| Information provided |

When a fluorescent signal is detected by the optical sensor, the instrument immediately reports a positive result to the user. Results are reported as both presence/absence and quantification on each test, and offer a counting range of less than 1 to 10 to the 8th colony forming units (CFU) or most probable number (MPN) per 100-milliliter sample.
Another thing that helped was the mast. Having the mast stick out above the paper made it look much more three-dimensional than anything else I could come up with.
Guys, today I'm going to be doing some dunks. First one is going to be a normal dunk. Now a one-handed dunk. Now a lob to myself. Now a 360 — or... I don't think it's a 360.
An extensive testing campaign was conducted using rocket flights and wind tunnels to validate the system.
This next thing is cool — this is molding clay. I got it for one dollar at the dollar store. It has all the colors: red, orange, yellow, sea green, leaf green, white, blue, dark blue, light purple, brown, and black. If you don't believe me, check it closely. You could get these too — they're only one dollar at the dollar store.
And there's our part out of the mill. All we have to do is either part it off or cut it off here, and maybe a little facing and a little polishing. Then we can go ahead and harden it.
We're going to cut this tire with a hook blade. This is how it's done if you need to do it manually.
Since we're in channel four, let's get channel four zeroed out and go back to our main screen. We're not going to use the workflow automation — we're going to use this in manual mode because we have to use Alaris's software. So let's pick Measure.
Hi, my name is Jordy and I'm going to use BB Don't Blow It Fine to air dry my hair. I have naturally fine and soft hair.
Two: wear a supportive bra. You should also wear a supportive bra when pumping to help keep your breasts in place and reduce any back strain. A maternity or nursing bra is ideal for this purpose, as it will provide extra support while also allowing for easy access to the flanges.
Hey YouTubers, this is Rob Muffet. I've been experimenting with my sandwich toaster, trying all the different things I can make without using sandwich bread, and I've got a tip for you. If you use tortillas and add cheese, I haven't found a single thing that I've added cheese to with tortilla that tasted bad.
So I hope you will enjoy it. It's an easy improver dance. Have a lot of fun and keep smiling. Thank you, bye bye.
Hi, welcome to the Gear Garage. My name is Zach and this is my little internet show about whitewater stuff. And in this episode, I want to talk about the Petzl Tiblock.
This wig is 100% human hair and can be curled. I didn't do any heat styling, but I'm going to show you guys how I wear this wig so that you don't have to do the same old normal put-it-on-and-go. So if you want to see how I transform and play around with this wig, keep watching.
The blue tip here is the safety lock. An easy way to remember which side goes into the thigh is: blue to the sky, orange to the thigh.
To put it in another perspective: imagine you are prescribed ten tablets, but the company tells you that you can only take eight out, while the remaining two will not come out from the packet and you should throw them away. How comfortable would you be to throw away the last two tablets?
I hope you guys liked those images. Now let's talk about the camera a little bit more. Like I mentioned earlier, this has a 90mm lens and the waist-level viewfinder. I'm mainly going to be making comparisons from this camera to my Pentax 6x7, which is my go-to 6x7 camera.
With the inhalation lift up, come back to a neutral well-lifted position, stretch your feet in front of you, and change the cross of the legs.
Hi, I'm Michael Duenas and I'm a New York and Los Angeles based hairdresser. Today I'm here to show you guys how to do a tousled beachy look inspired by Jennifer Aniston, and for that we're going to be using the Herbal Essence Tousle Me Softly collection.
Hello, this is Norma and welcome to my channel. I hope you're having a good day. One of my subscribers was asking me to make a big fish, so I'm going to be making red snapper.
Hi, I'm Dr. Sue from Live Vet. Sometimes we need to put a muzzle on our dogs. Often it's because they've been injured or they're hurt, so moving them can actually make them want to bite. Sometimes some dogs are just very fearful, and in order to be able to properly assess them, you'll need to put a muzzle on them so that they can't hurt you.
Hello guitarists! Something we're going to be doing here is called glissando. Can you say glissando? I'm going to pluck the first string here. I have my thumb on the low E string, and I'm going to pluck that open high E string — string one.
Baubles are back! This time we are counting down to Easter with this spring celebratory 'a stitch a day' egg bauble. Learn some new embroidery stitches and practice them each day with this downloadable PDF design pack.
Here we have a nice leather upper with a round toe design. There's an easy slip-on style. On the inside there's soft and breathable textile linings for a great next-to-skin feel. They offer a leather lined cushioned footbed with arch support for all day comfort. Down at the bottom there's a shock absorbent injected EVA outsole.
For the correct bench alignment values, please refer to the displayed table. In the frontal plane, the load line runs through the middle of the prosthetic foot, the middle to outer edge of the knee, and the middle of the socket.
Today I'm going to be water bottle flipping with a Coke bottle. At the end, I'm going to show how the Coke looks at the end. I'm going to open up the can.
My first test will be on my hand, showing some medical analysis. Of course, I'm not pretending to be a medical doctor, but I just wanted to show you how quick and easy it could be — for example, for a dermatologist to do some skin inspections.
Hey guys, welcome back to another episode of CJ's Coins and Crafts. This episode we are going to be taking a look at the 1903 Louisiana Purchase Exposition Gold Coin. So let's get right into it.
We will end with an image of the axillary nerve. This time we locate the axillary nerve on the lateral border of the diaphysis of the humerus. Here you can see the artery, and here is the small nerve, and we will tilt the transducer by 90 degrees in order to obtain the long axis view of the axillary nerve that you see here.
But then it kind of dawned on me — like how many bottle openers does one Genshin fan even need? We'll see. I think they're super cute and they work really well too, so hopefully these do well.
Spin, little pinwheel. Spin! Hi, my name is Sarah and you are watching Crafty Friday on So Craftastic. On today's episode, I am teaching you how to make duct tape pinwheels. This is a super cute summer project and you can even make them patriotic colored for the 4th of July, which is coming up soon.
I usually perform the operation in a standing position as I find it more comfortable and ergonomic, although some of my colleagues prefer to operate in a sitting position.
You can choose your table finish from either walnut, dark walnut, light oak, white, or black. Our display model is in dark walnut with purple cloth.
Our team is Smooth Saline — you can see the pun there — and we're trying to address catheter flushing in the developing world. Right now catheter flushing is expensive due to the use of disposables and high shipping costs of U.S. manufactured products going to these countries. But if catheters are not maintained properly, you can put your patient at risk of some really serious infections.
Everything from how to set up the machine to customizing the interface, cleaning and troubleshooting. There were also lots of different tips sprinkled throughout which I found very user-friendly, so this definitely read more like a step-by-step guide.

| Assignment |
Lines wanted from the listing above: the line with "My first test" up to and including the line with "You can choose". Please write them out exactly, adding nothing else.

| Solution to the problem |
My first test will be on my hand, showing some medical analysis. Of course, I'm not pretending to be a medical doctor, but I just wanted to show you how quick and easy it could be — for example, for a dermatologist to do some skin inspections.
Hey guys, welcome back to another episode of CJ's Coins and Crafts. This episode we are going to be taking a look at the 1903 Louisiana Purchase Exposition Gold Coin. So let's get right into it.
We will end with an image of the axillary nerve. This time we locate the axillary nerve on the lateral border of the diaphysis of the humerus. Here you can see the artery, and here is the small nerve, and we will tilt the transducer by 90 degrees in order to obtain the long axis view of the axillary nerve that you see here.
But then it kind of dawned on me — like how many bottle openers does one Genshin fan even need? We'll see. I think they're super cute and they work really well too, so hopefully these do well.
Spin, little pinwheel. Spin! Hi, my name is Sarah and you are watching Crafty Friday on So Craftastic. On today's episode, I am teaching you how to make duct tape pinwheels. This is a super cute summer project and you can even make them patriotic colored for the 4th of July, which is coming up soon.
I usually perform the operation in a standing position as I find it more comfortable and ergonomic, although some of my colleagues prefer to operate in a sitting position.
You can choose your table finish from either walnut, dark walnut, light oak, white, or black. Our display model is in dark walnut with purple cloth.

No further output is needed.